Listed records
● ● ●

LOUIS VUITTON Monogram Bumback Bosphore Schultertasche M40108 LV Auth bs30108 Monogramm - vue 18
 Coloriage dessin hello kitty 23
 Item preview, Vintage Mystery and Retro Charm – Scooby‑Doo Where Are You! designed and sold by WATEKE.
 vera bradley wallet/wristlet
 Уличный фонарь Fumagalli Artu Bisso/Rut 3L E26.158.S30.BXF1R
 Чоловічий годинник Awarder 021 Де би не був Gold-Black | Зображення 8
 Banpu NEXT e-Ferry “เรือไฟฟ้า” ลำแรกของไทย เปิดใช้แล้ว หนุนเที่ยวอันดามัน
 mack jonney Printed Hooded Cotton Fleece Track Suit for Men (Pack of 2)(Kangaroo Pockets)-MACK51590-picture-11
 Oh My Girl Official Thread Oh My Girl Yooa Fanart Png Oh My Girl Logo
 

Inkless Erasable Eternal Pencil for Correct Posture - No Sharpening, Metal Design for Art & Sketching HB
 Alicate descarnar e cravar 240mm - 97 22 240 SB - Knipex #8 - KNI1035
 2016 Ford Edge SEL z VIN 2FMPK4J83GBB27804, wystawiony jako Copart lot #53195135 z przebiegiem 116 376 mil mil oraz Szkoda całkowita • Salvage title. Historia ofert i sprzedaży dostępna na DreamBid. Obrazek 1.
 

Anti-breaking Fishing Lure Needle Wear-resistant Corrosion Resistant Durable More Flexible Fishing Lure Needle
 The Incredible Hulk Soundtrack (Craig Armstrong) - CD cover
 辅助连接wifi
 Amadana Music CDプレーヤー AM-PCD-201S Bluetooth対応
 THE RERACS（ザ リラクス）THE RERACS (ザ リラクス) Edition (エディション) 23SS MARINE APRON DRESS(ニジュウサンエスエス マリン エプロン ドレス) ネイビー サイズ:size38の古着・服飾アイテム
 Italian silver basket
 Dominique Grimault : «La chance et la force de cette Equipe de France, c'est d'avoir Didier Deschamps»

● ● ●

Aim of the exercise
Faithfully reproduce all of the material.

Solution to the problem
LOUIS VUITTON Monogram Bumback Bosphore Schultertasche M40108 LV Auth bs30108 Monogramm - vue 18
 Coloriage dessin hello kitty 23
 Item preview, Vintage Mystery and Retro Charm – Scooby‑Doo Where Are You! designed and sold by WATEKE.
 vera bradley wallet/wristlet
 Уличный фонарь Fumagalli Artu Bisso/Rut 3L E26.158.S30.BXF1R
 Чоловічий годинник Awarder 021 Де би не був Gold-Black | Зображення 8
 Banpu NEXT e-Ferry “เรือไฟฟ้า” ลำแรกของไทย เปิดใช้แล้ว หนุนเที่ยวอันดามัน
 mack jonney Printed Hooded Cotton Fleece Track Suit for Men (Pack of 2)(Kangaroo Pockets)-MACK51590-picture-11
 Oh My Girl Official Thread Oh My Girl Yooa Fanart Png Oh My Girl Logo
 

Inkless Erasable Eternal Pencil for Correct Posture - No Sharpening, Metal Design for Art & Sketching HB
 Alicate descarnar e cravar 240mm - 97 22 240 SB - Knipex #8 - KNI1035
 2016 Ford Edge SEL z VIN 2FMPK4J83GBB27804, wystawiony jako Copart lot #53195135 z przebiegiem 116 376 mil mil oraz Szkoda całkowita • Salvage title. Historia ofert i sprzedaży dostępna na DreamBid. Obrazek 1.
 

Anti-breaking Fishing Lure Needle Wear-resistant Corrosion Resistant Durable More Flexible Fishing Lure Needle
 The Incredible Hulk Soundtrack (Craig Armstrong) - CD cover
 辅助连接wifi
 Amadana Music CDプレーヤー AM-PCD-201S Bluetooth対応
 THE RERACS（ザ リラクス）THE RERACS (ザ リラクス) Edition (エディション) 23SS MARINE APRON DRESS(ニジュウサンエスエス マリン エプロン ドレス) ネイビー サイズ:size38の古着・服飾アイテム
 Italian silver basket
 Dominique Grimault : «La chance et la force de cette Equipe de France, c'est d'avoir Didier Deschamps»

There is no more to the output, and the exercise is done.